Guarda caso, è proprio di oggi la notizia che trovate a pagina 6 del SOLE 24 ORE, la quale riporta i risultati della relazione della Direzione Investigativa Antimafia (DIA); dalla relazione si evince che proprio in Lombardia c’è la percentuale più alta di tutta Italia delle operazioni finanziarie sospette: 19.752 operazioni per la precisione, a fronte delle 17.860 della Campania, delle 10.639 del Lazio, delle 9.812 dell’Emilia Romagna e delle 6.151 della Sicilia. Questo per rispondere a chi sostiene che la mafia prospera solo nel meridione; non è così: la mafia investe dove ci sono i soldi e dove può usare dei prestanome insospettabili, ed i soldi nel nostro Paese si trovano al nord, quindi allegri (si fa per dire), ce n’è per tutti e tutti dovremmo essere vigili e attenti!!

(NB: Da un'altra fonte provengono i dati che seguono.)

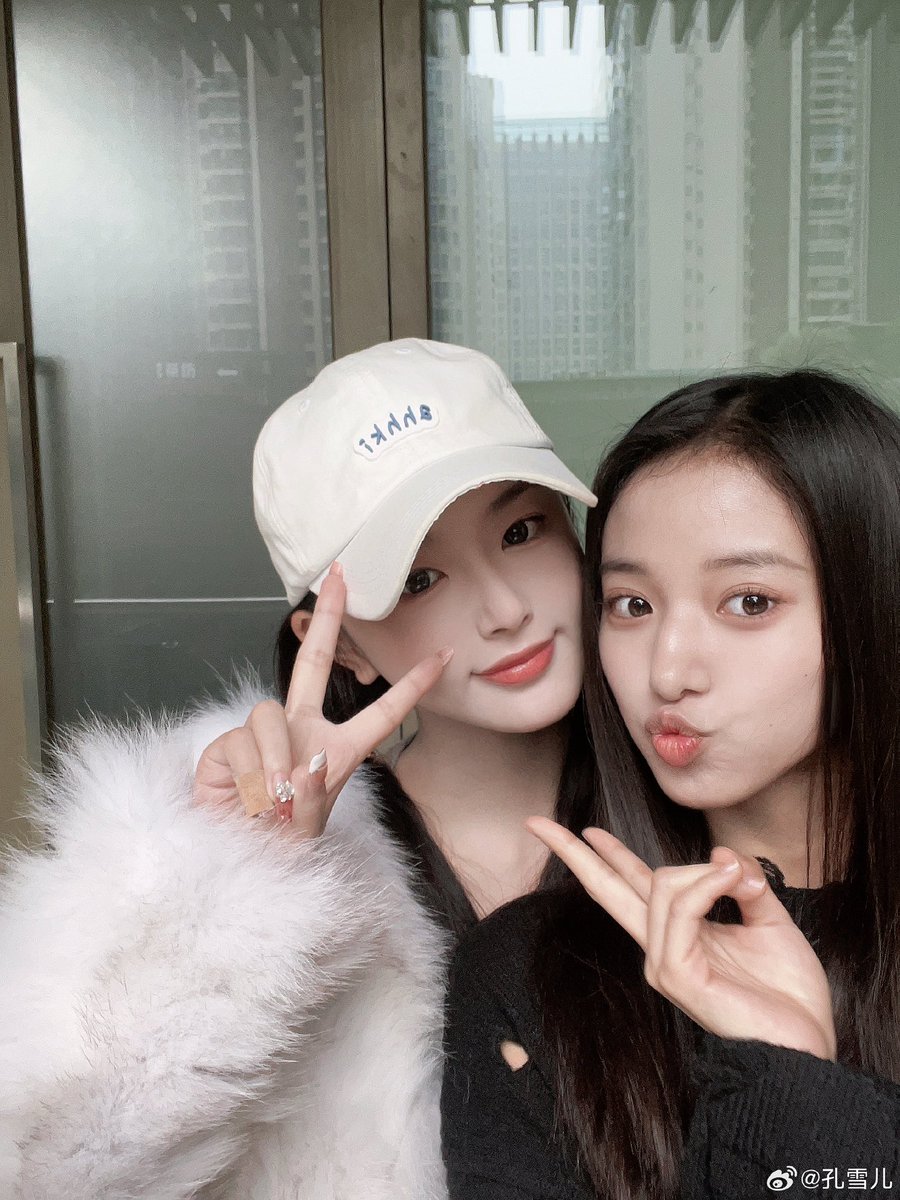 queenxueer's tweet photo. Xueer weibo update

Learn together with baby 🐰🐰🐰 

#KongXueer #孔雪儿 #SherryKong https://t.co/SxDKCpV7p1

Nell’articolo di cui sopra, il giornalista Marco Ludovico, sottolinea come una micro-cultura mafiosa sia cresciuta in tutto il Paese, sfruttando l’insensibilità e la sottovalutazione; bene, a fronte di ciò ci tengo a dire che il piccolo esperimento sociale di cui ho parlato poc’anzi, è stato fatto prima che io leggessi questo articolo e come vi ho già raccontato, se l’ insensibilità e la sottovalutazione di cui si parla nell’articolo avevano bisogno di conferme, io nel mio piccolo ne ho avute, ed amare.
Ludovico dice poi che la diffusione della mafia al nord sta avendo vita facile anche perché NON C’E’ ALLARME SOCIALE e questo ha anestetizzato le coscienze; è un po’ quel che diceva Borsellino in una sua intervista che rilasciò due giorni prima di morire: “la percezione collettiva dell’attività mafiosa si ha solo quando ci sono i morti.” Quando la mafia prospera lo fa nel silenzio. Beh, pare non sia cambiato molto in quasi trent’anni… ma sapendolo, qualcosa noi tutti dovremmo fare. Parlarne è importante, è un primo passo perché si prenda coscienza, perché i morti di mafia come Borsellino, Falcone e altri con e come loro, non siano morti invano.